Amnesty Internationale et l’ONG des droits de l’homme ont souligné que ledit service général du renseignement a torturé et fait disparaître plusieurs individus. Cela n'a toutefois pas empêché les USA et d'autres donateurs de fonds étrangers de continuer à le financer, en dépit du fait que l'un de ses anciens dirigeants croupit à perpétuité dans une prison israélienne pour avoir comploté des attaques terroristes.


Les forces de sécurité combinées officielles demandent un ratio à 65 agents de sécurité pour mille Palestiniens à comparer avec 2,3 agents pour 1000 américains en Californie.

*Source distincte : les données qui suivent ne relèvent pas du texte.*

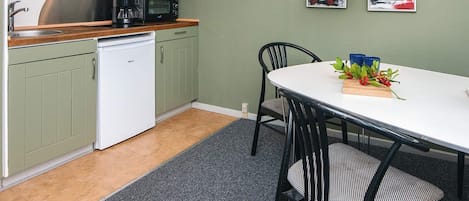A compact kitchen with a dishwasher, a microwave, and a coffee maker on the counter. There is a dining table with chairs and a small plant on the table.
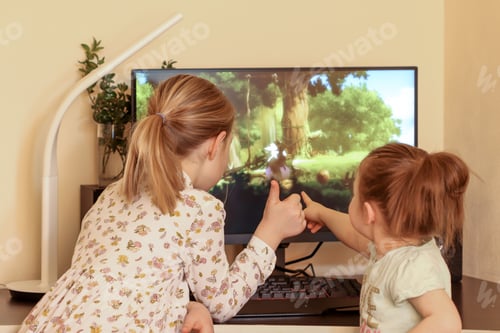 Preview: Two cute girls sisters play a video game and rejoice in the victory of their hero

L’insolite, est qu’il y a très peu d’infractions signalées ou poursuivies en justice. Mais ce n'est guère le but de ces forces de sécurité. Le rôle véritable de ces forces de sécurité formées aux USA est d’être «  une gendarmerie légèrement armée et équipée, chargée de soutenir la police civile, la prestation de la loi et de l’ordre, la lutte contre le terrorisme, en guise d’une force militaire. Mais ils ressemblent exactement à une force militaire, avec son attirail complet, des bérets rouges et des AK-47. Un rapport de FOX News les décrit comme  « une armée légère surgissant aujourd'hui en Cisjordanie. » Légère parce que les Israéliens leur ont permis des fusils AK-47, du moins jusqu'à présent. »

Les Etats-Unis dépensent des centaines de millions de dollars pour créer une armée pour une organisation terroriste qu’elle entraine en plus. La probabilité que des soldats américains se trouvent un jour ou l’autre nez-à-nez avec ces hommes bien entrainés, est imminente. À cela, il faut ajouter la garde présidentielle, qui relève directement du président de l'AP. Cette garde est une autre force armée, dont la tâche officielle est de protéger les « responsables importants de l'AP ». 10% des forces de sécurité palestiniennes sont voués à cette tâche et cela en dit long sur la nature réelle des autorités en Cisjordanie.


Après avoir investi toute cette fortune dans des groupuscules de voyous armés et ses tribunaux religieux, dans des projets de construction financés par l'aide occidentale et des personnalités renommées, et les avoir discrètement siphonnés, l'Autorité Palestinienne réclame encore une fois de l’aumône.

 

Le premier ministre non élu de l’autorité palestinienne, qui travaille pour un gouvernement non élu, a déclaré que l'insolvabilité de l'autorité ne signifie pas qu'elle n'est pas prête pour obtenir un statut d’État. La faute, selon lui, réside chez les donateurs internationaux qui ne fournissent pas assez de fonds pour combler la fosse budgétaire palestinienne. Le puits sans fond qui engloutit des milliards et demande encore plus, est exactement ce que cela signifie.


L'Autorité palestinienne ne peut pas payer ses propres dettes. Elle ne réussit même pas financer sa propre armée, et insiste pourtant à en avoir une. Elle ne peut ni produire son électricité, ni fournir son eau, ni même organiser ses élections. Si tout cela ne définit pas qu’elle est inappropriée pour obtenir le statut d’état, qu’est-ce donc?